──────── Data extract

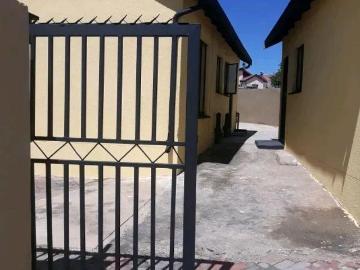 R7 000 | 3 Bedroom House For Rent in Klipfontein View, Klipfontein View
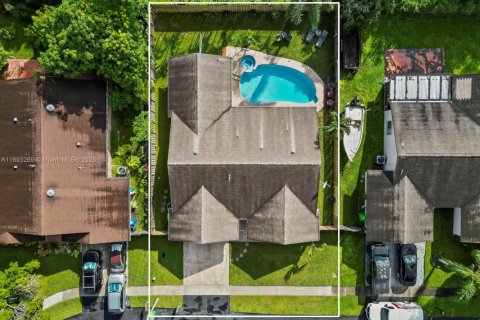 Casa en venta en Sunrise, Florida, 4 dormitorios, 172.61 m2 № 1945669 - foto 3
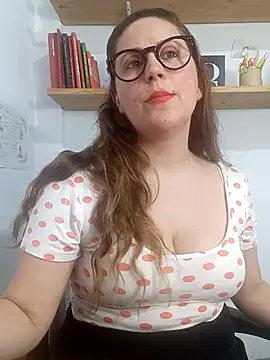 SofiEsteves online show from May 6, 2026, 2:00 pm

────────────────

▶ **What you are asked to do**: Output the data above exactly, excluding images.

▶ **Output below**:
 R7 000 | 3 Bedroom House For Rent in Klipfontein View, Klipfontein View
 Casa en venta en Sunrise, Florida, 4 dormitorios, 172.61 m2 № 1945669 - foto 3
 SofiEsteves online show from May 6, 2026, 2:00 pm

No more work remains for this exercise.